4/5 | Drama| Thriller| 1hr 37m
Director: Sara Colangelo
Screenplay: Sara Colangelo
Cinematography: Pepe Avila del Pino
I would like to recommend a new Netflix film that will have you fun cringing like crazy: The Kindergarten Teacher.
A couple of weeks ago, I saw one of those pesky Netflix ads that play the moment you open the site. You know the ones I mean, the ads you usually ignore unless you can’t get to your mouse pad at lightning speed. Well, long story short, I couldn’t get to mine fast enough, but whatever because I saw a trailer for The Kindergarten Teacher and immediately became intrigued. The Kindergarten Teacher tells the story of Lisa (Maggie Gyllenhaal), a teacher who becomes obsessed with her 5-year-old student, Jimmy (Parker Sevek), who just so happens to be a poetry prodigy.

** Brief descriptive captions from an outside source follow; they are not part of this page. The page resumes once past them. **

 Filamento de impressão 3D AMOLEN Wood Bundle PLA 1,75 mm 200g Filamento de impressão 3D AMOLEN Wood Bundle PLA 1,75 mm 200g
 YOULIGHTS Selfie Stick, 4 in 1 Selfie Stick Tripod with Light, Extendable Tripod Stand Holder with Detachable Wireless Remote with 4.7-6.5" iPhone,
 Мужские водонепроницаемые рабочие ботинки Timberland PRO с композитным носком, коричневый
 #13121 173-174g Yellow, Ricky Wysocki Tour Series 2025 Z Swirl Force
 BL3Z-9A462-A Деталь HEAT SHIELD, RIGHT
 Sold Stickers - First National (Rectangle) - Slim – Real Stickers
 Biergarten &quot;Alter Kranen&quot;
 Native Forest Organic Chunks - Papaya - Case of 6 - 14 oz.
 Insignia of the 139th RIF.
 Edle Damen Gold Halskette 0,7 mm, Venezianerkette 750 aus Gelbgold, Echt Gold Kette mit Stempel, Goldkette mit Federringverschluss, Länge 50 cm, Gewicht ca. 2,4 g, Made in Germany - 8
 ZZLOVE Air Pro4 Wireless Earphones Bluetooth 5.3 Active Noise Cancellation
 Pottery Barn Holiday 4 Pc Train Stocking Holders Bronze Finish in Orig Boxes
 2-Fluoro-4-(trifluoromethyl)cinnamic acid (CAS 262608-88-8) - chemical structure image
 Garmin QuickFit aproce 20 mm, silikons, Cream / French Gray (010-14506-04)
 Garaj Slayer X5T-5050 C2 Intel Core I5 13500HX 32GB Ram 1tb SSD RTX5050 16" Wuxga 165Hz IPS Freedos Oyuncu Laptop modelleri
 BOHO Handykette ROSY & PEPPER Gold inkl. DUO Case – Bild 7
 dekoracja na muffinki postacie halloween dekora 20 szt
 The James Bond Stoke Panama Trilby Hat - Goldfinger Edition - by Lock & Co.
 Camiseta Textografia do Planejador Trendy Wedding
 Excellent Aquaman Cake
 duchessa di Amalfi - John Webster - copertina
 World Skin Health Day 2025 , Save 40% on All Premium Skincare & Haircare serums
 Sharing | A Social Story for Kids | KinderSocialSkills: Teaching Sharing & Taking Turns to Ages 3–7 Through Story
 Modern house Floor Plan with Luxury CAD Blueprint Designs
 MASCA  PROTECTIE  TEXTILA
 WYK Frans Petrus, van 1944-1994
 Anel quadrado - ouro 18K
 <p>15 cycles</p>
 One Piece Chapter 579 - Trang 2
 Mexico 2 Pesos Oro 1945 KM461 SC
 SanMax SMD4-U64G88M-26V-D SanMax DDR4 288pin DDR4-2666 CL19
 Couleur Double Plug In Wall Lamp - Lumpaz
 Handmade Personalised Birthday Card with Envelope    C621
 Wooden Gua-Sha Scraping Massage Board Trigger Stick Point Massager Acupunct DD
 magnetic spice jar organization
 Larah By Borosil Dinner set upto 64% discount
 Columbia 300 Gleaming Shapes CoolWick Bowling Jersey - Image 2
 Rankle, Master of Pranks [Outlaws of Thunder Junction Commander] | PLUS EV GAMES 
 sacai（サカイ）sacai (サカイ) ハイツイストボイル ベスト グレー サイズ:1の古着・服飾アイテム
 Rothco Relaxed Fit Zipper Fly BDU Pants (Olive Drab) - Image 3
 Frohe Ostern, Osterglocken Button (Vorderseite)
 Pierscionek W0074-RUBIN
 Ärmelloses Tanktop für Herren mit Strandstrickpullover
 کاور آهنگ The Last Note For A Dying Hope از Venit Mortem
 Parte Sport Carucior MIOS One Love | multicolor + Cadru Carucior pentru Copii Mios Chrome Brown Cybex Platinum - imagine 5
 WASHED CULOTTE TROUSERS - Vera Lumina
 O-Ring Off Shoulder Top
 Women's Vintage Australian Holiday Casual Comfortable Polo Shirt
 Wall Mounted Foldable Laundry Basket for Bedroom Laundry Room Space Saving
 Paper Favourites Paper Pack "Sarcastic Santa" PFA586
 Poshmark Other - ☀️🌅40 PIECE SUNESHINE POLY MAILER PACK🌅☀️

This remake of the 2014 Israeli film of the same name seems to fit perfectly into our current social climate. Whether you view this film as a commentary of women’s position in society, artists vs art appreciators, race, child rearing, or more than likely, all of the above, it is certain that writer-director Sara Colangelo knows what she is doing. The direction is simple but extremely effective, as the intimacy of the shots allows for the viewer to fully take in the performances and become completely enveloped in the story.
When we first meet Lisa Spinelli she is a sweet, caring, kindergarten teacher who takes a weekly poetry class and it is made entirely clear to her by everyone that her work is nothing spectacular. In class one day, she overhears her student Jimmy reciting a poem he created spontaneously. She is amazed by his talent and tries to get his parents to take it seriously, so that he may be nurtured into one of the Greats, but she is dismissed in favor of him having a normal childhood. Horrified, yet somehow understanding, we watch as this wannabe art aficionado takes matters into her own hands.
While I have always liked Maggie Gyllenhaal, I have never really been wow’d by any of her performances. Whether she is acting in hypnotic indies like Donnie Darko (2001), fanboy favorites like The Dark Knight (2008) , or tongue in cheek television series like The Deuce, I have always just viewed her performances as competent at best, but The Kindergarten Teacher is different. I was completely blown away by her portrayal of a woman so sick and tired of being ignored that she goes to shocking lengths to be heard. This is definitely a career high for her and I’m sure she will be apart of the conversation come this awards season.
I am seldom a fan of child actors because I feel like far and few in-between go beyond cuteness and display actual talent, but acting newcomer Sevek, coincidentally much like his character, shows a sophistication far beyond his years. His nuanced portrayal of a naive genius compliments Gyllenhaal’s performance perfectly and makes that shocking ending so much more satisfying. I promise you’ll be thinking about it for the rest of the day.
While you never fully agree with the choices Lisa makes in the film, you realize you are faced with an ethical conundrum. She is both parts right and wrong and her actions never come from a sinister place. She is always acting from a place of purity and motherly instinct, even if those instincts do happen to be in regards to someone else’s child. Who knew poetry could be so exciting? This film is a must watch.